I'm trying to do something similar to what is shown in https://www.tableau.com/new-features/10.2#tab-advanced-analytics-4

In my case, I have several topics (subject) for which students where graded, and trying to correlate this Grade to itself.

The end result should be something like Bora Beran did a few years ago in https://boraberan.wordpress.com/2013/12/09/creating-a-correlation-matrix-in-tableau-using-r-or-table-calculations/  (sadly his workbook cannot be opened in Tableau Public)

Whether the data is tabular or columnar, Tableau will only show values in the main diagonal of a n x n matrix, as expected, and going for domain completion (as in http://drawingwithnumbers.artisart.org/comparing-each-against-each-other-the-no-sql-cross-product/) pre-aggregates the data, so something like corr([Grade (Down)], [Grade (Across)]) would never work.

I don't know how to tell Tableau which "Grade" to use at each cell.

Even with the tabular example, which makes measurements a little more explicit, I can't find a elegant way to create a pill with corr(measured value from name in X, measured value from name in Y), which could solve the whole matrix - this might even be a too 'Excelee' way to think

Any thoughts ?

• ###### 1. Re: correlation matrix 10.2

Hi, Marcelo

the data behind is different from yours comparing to Bora's.

That's why it doesn't get the co-relationship of one subject to others.

ZZ

1 of 1 people found this helpful
• ###### 2. Re: correlation matrix 10.2

Hi Zhouyi,

Exactly, Beran's data was originally 32 x 11 values from which he makes a cross join in order to get 1:N data.

What I WAS trying to do was to follow on Jonathan Drummey 's footsteps (the Drawing with Numbers link above) to use only table calculations, like he himself did at the end of his post with Beran's original data, but now using the corr (or window_corr) from 10.2 instead of doing all the sigmas for correlation.

Just looking at your screenshot shown me that my approach would not work:

Pearson's formula is made of parcels available in table calc (or that can be assembled directly with table calculations)
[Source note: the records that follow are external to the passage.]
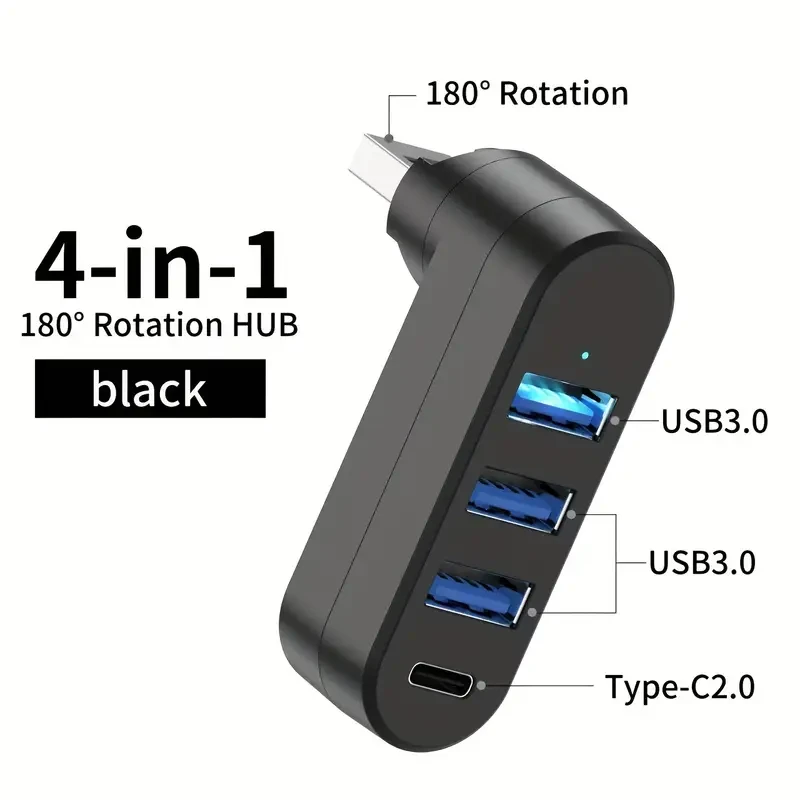 4-in-1 USB 3.0/2 Multi-Port Adapter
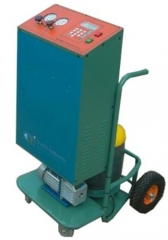 Recovery-Evacuating and Charging Station with Rotary Vane Vacuum Pump(Dual Refrigerant) didactic equipment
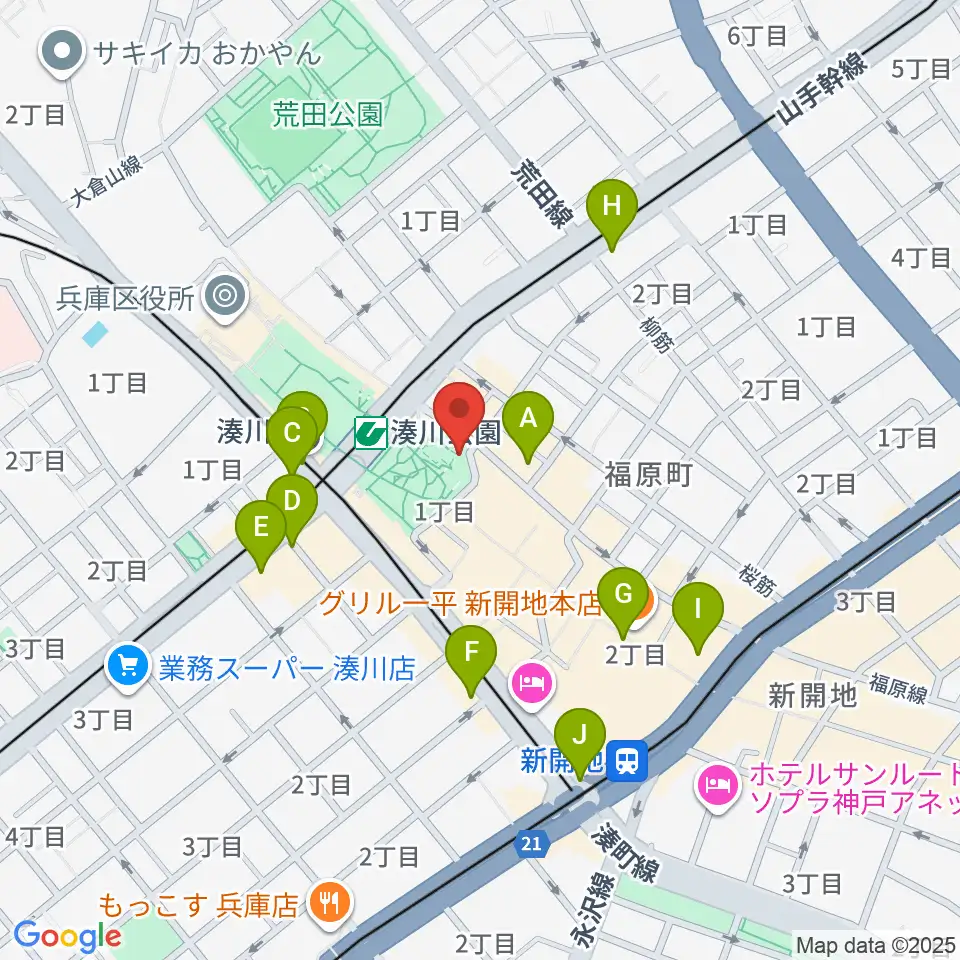 パルシネマしんこうえん周辺のコンビニエンスストア一覧地図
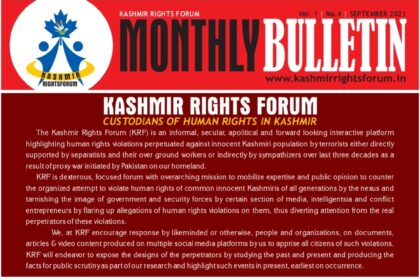 A preview of the Monthly Bulletin September 2021 in comprising of human rights violations.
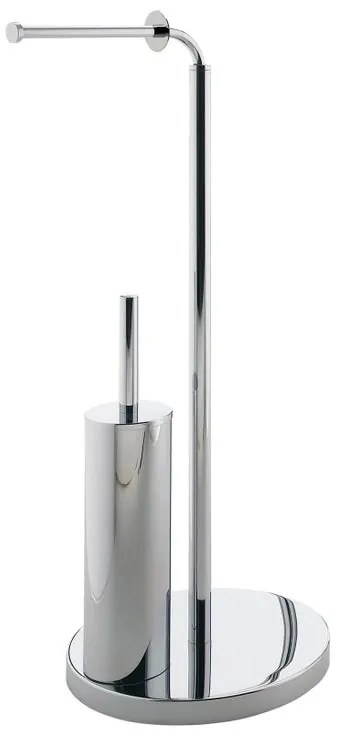 Piantana porta rotolo e porta scopino wc Winny piantana p.ta rot. e scop. crom grigio verniciato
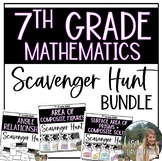 7th Grade Math Scavenger Hunt Bundle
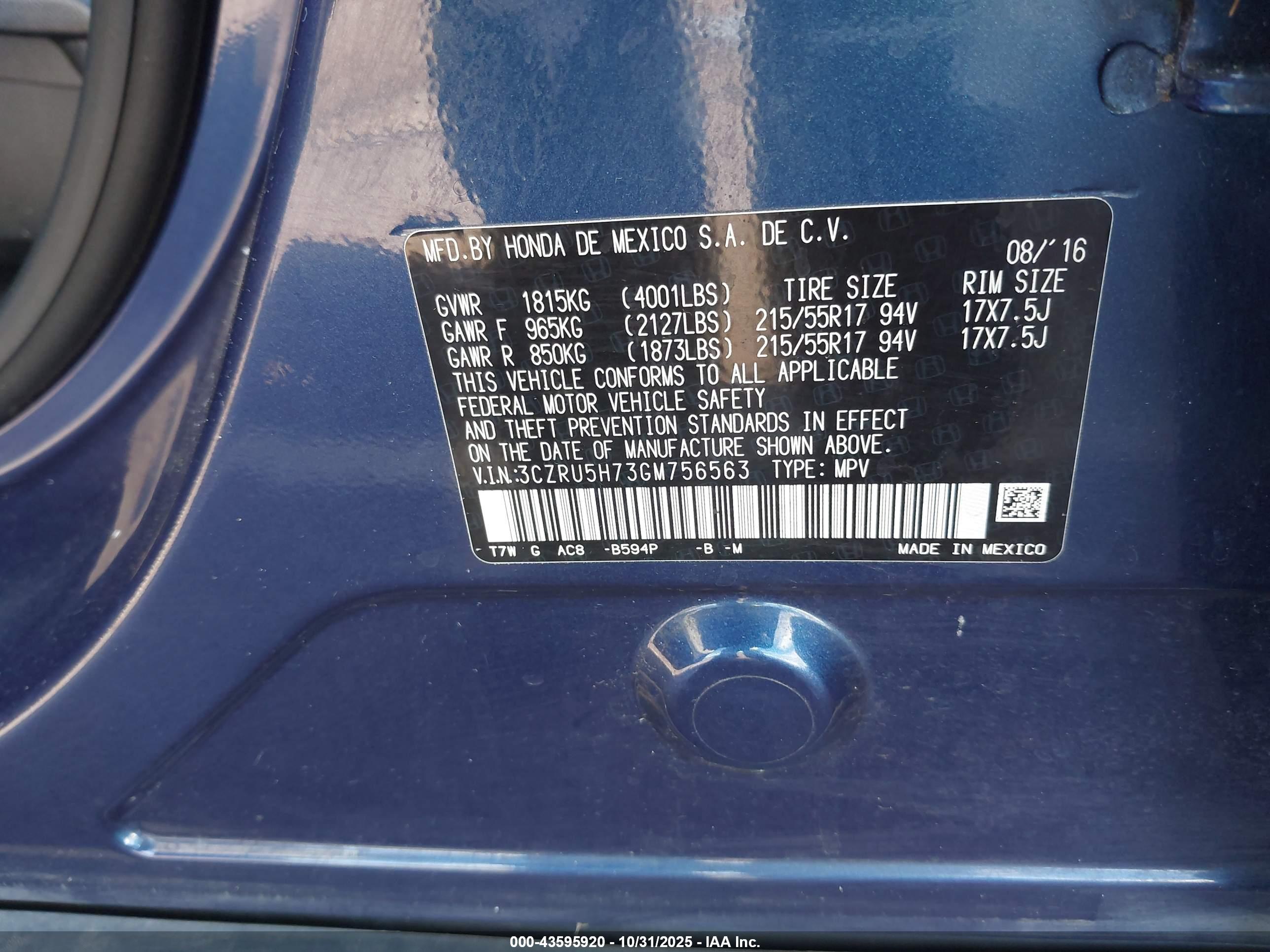 HONDA HR-V image 9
(WINDOW_SUM(SIZE()*SUM([Measure1]*[Measure2]))-WINDOW_SUM(SUM([Measure2]))*WINDOW_SUM(SUM([Measure1]))) /

(SQRT(((WINDOW_SUM(SIZE()*SUM([Measure1]^2))-WINDOW_SUM(SUM([Measure1]))^2))*(WINDOW_SUM(SIZE()*SUM([Measure2]^2))-WINDOW_SUM(SUM([Measure2]))^2)))

(or something like that)

...while the corr function asks for the measure itself which would only be available in the panel with "analyis -> aggregate measures" turned off, which would make even less sense to work with in this case.

So while self join can work with corr() easily (which now I believe was the intented use), domain completion may not be the use for it, albeit it being more gentle with larger tables.